Un messaggio chiaro e semplice è stato ribadito, le Forze di Polizia non chiedono mai di ricevere o verificare denaro, oro ed oggetti preziosi, né tanto meno gestiscono conti correnti su cui bonificare somme di denaro a qualsiasi titolo.

In presenza di tali richieste non c’è dubbio: è una truffa.

A quel punto bisogna chiamare sempre e subito il numero di emergenza “112”.

Carabinieri in Valtellina

Il primo passo per contrastare questo fenomeno criminale è seguire i consigli che sono stati forniti nel corso dei numerosi incontri formativi organizzati dall’Arma dei Carabinieri:

mai consegnare soldi o beni materiali.

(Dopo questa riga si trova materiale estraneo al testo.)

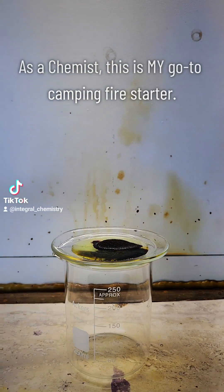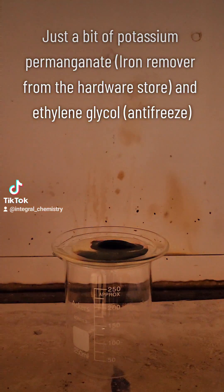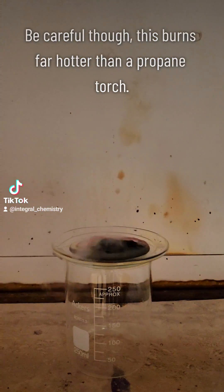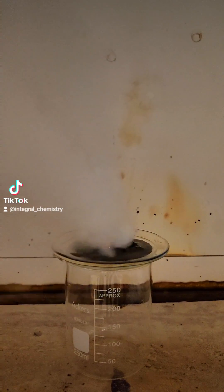Yesterday while doing some experimenting, I found that the oxidation of ethylene glycol by potassium permanganate produces one of the most violent and sustained flames I've ever seen. I figure this could be useful for those of you campers out there who really need to get a fire going.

In nessun caso un Carabiniere o appartenente alle Forze dell’Ordine chiederà mai di consegnare denaro e men che meno gioielli per lo svolgimento del proprio servizio;

diffidare delle apparenze: un sorriso, un abbraccio e un portamento distinto potrebbero essere un modo per avvicinare le vittime e ottenerne la fiducia;

non aprire mai la porta agli sconosciuti: le truffe si concretizzano sempre tramite la consegna di denaro. Se non si è sicuri della persona che si ha davanti non aprire mai la porta di casa;

limitare la confidenza al telefono o sui social network al fine di non fornire ai truffatori dati sensibili che gli stessi useranno per ottenere la fiducia della vittima;

denunciare sempre anche i tentativi di truffa ricevuti;

in caso di contatto telefonico da parte delle forze dell’ordine per presunte convocazioni in caserma, verificare ulteriormente la chiamata contattando direttamente il Comando interessato per conferma;

il tesserino non basta: finti impiegati degli enti di gestione di luce/acqua/gas potrebbero averli falsificati. In caso di contatto per contratti particolarmente vantaggiosi, diffidare sempre e contattare le forze dell’ordine.

In ogni caso, in caso di dubbi, attaccare la telefonata e contattare immediatamente il numero di emergenza 112.